Records Start Marker
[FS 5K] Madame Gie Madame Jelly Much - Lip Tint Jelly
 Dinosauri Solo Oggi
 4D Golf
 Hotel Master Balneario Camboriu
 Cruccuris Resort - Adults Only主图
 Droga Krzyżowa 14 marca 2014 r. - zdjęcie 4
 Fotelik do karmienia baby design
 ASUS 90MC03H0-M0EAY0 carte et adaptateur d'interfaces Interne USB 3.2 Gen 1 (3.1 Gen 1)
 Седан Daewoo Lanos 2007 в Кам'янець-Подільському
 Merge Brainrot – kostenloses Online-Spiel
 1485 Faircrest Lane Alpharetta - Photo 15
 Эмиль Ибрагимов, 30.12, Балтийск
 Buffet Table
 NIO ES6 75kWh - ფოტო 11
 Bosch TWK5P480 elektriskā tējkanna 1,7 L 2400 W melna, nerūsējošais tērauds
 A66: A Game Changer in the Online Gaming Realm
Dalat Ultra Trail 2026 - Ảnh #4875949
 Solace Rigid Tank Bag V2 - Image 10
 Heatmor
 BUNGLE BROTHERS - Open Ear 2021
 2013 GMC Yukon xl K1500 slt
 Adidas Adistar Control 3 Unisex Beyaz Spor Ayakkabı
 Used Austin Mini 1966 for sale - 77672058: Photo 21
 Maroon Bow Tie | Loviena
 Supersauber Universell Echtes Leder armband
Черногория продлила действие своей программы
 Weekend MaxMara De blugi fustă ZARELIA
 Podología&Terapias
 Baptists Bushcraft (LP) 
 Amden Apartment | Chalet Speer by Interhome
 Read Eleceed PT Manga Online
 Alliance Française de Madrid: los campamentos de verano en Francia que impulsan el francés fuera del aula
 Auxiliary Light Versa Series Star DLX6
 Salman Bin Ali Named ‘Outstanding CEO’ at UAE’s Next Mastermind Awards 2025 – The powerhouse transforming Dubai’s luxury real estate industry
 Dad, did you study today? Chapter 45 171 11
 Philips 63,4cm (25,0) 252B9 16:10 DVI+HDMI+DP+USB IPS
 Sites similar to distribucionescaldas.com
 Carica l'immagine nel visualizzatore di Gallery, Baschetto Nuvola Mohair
Records End Marker
● **Task description**
Would you restate the whole listing word for word?

● **Response to the exercise**
[FS 5K] Madame Gie Madame Jelly Much - Lip Tint Jelly
 Dinosauri Solo Oggi
 4D Golf
 Hotel Master Balneario Camboriu
 Cruccuris Resort - Adults Only主图
 Droga Krzyżowa 14 marca 2014 r. - zdjęcie 4
 Fotelik do karmienia baby design
 ASUS 90MC03H0-M0EAY0 carte et adaptateur d'interfaces Interne USB 3.2 Gen 1 (3.1 Gen 1)
 Седан Daewoo Lanos 2007 в Кам'янець-Подільському
 Merge Brainrot – kostenloses Online-Spiel
 1485 Faircrest Lane Alpharetta - Photo 15
 Эмиль Ибрагимов, 30.12, Балтийск
 Buffet Table
 NIO ES6 75kWh - ფოტო 11
 Bosch TWK5P480 elektriskā tējkanna 1,7 L 2400 W melna, nerūsējošais tērauds
 A66: A Game Changer in the Online Gaming Realm
Dalat Ultra Trail 2026 - Ảnh #4875949
 Solace Rigid Tank Bag V2 - Image 10
 Heatmor
 BUNGLE BROTHERS - Open Ear 2021
 2013 GMC Yukon xl K1500 slt
 Adidas Adistar Control 3 Unisex Beyaz Spor Ayakkabı
 Used Austin Mini 1966 for sale - 77672058: Photo 21
 Maroon Bow Tie | Loviena
 Supersauber Universell Echtes Leder armband
Черногория продлила действие своей программы
 Weekend MaxMara De blugi fustă ZARELIA
 Podología&Terapias
 Baptists Bushcraft (LP) 
 Amden Apartment | Chalet Speer by Interhome
 Read Eleceed PT Manga Online
 Alliance Française de Madrid: los campamentos de verano en Francia que impulsan el francés fuera del aula
 Auxiliary Light Versa Series Star DLX6
 Salman Bin Ali Named ‘Outstanding CEO’ at UAE’s Next Mastermind Awards 2025 – The powerhouse transforming Dubai’s luxury real estate industry
 Dad, did you study today? Chapter 45 171 11
 Philips 63,4cm (25,0) 252B9 16:10 DVI+HDMI+DP+USB IPS
 Sites similar to distribucionescaldas.com
 Carica l'immagine nel visualizzatore di Gallery, Baschetto Nuvola Mohair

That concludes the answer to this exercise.